[Extracted material]

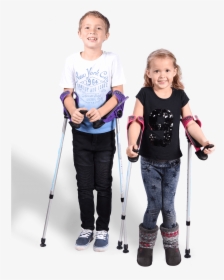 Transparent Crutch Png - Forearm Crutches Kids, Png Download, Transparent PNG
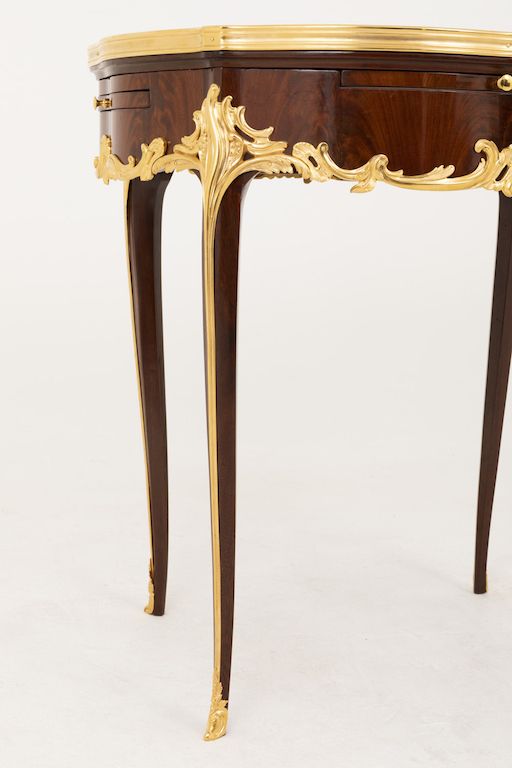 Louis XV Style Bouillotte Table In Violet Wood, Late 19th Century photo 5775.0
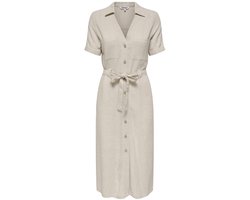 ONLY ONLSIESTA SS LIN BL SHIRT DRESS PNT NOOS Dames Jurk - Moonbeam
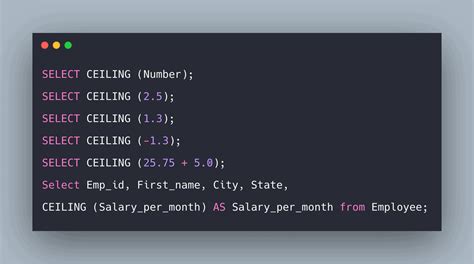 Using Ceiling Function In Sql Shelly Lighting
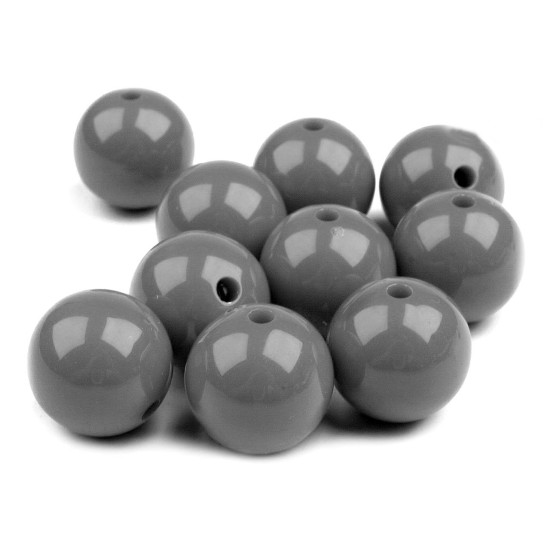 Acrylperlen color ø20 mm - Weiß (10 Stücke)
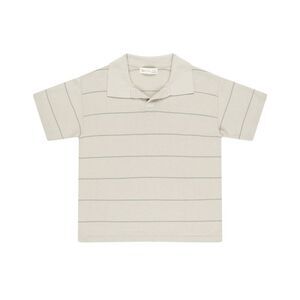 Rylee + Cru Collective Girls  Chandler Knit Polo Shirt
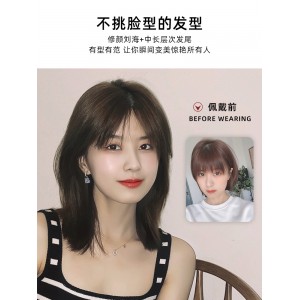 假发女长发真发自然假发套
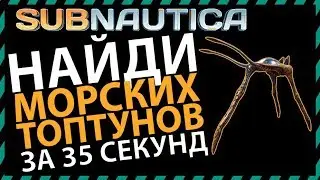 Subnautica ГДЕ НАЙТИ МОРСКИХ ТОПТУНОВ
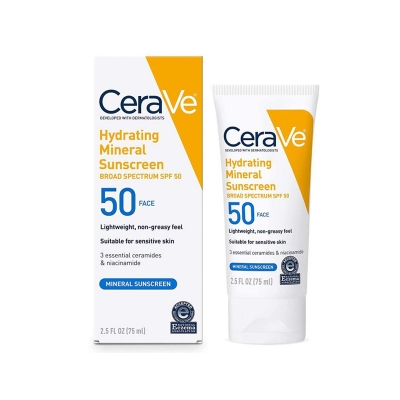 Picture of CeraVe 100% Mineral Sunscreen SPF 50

[/Extracted material]

Your objective
Line by line, output the material above exactly, passing over the pictures.

Task solution
 Transparent Crutch Png - Forearm Crutches Kids, Png Download, Transparent PNG
 Louis XV Style Bouillotte Table In Violet Wood, Late 19th Century photo 5775.0
 ONLY ONLSIESTA SS LIN BL SHIRT DRESS PNT NOOS Dames Jurk - Moonbeam
 Using Ceiling Function In Sql Shelly Lighting
 Acrylperlen color ø20 mm - Weiß (10 Stücke)
 Rylee + Cru Collective Girls  Chandler Knit Polo Shirt
 假发女长发真发自然假发套
 Subnautica ГДЕ НАЙТИ МОРСКИХ ТОПТУНОВ
 Picture of CeraVe 100% Mineral Sunscreen SPF 50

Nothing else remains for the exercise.